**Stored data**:
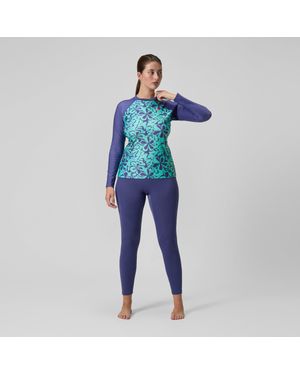 Speedo Bedrucktes Langärmliges Rash-Top Blau/Grün Für Damen
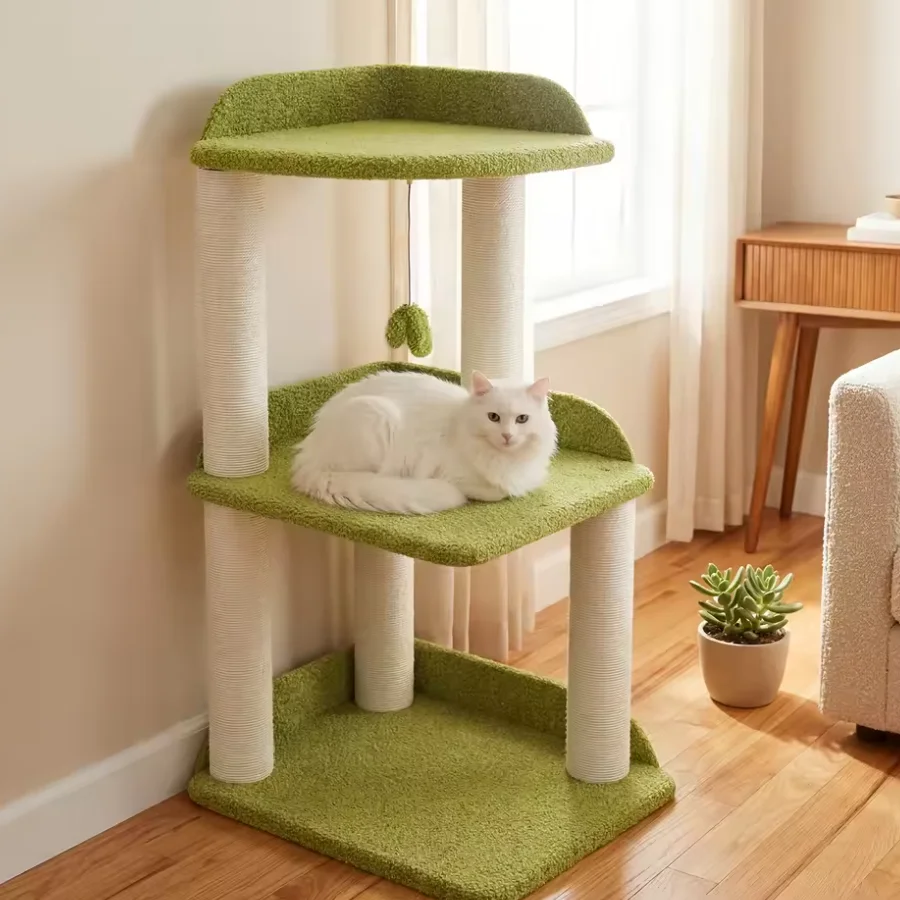 Cat Climbing Frame Cat House And Cat Tree Is Space-Saving And Perfect for Home Use It Features Jumping Platforms And Viewing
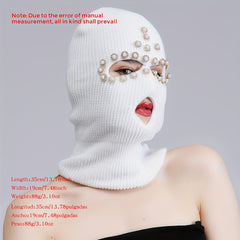 Faux Pearl Rhinestone Balaclava Hip Hop Ski Mask Y2K Knit Hat Neck Gaiter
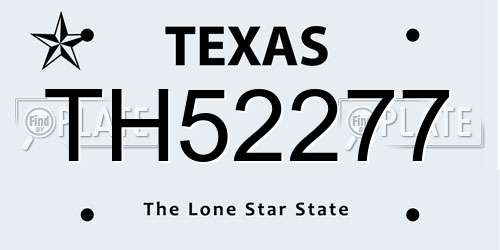 TH52277 Texas License Plate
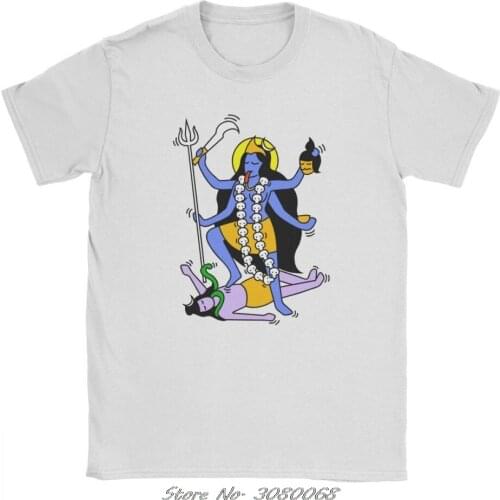Shiva Kali Indian Style T Shirts Men Hot Sale Clothes Unique T-shirts O-neck 100% Cotton Tees Streetwear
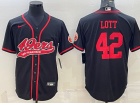 San Francisco 49ers #42 Ronnie Lott Black Baseball Jersey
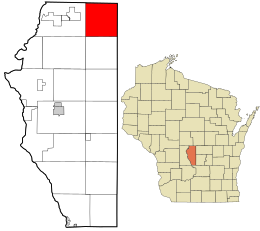 Location in Adams County and the state of Wisconsin.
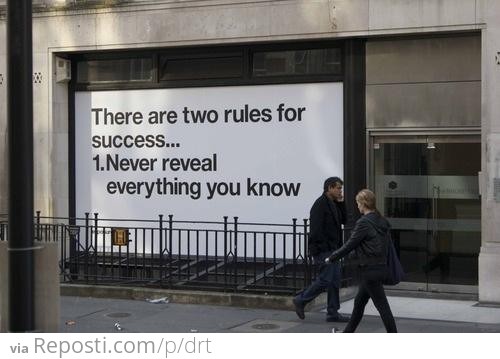 The Two Rules of Success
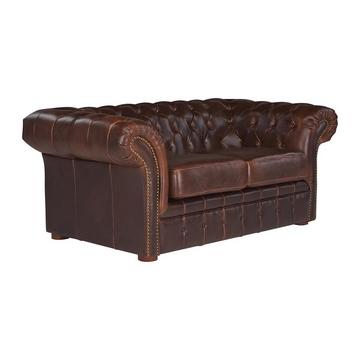 Chesterfield Ledersofa 2Sitzer CLOTAIRE Vintage Leder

**About this exercise**:
Reproduce exactly and only the lines from the line that contains "TH52277 Texas License Plate" to the end of the data above, both ends included. No pictures go in the copy.

**Finished task**:
 TH52277 Texas License Plate
Shiva Kali Indian Style T Shirts Men Hot Sale Clothes Unique T-shirts O-neck 100% Cotton Tees Streetwear
 San Francisco 49ers #42 Ronnie Lott Black Baseball Jersey
 Location in Adams County and the state of Wisconsin.
 The Two Rules of Success
 Chesterfield Ledersofa 2Sitzer CLOTAIRE Vintage Leder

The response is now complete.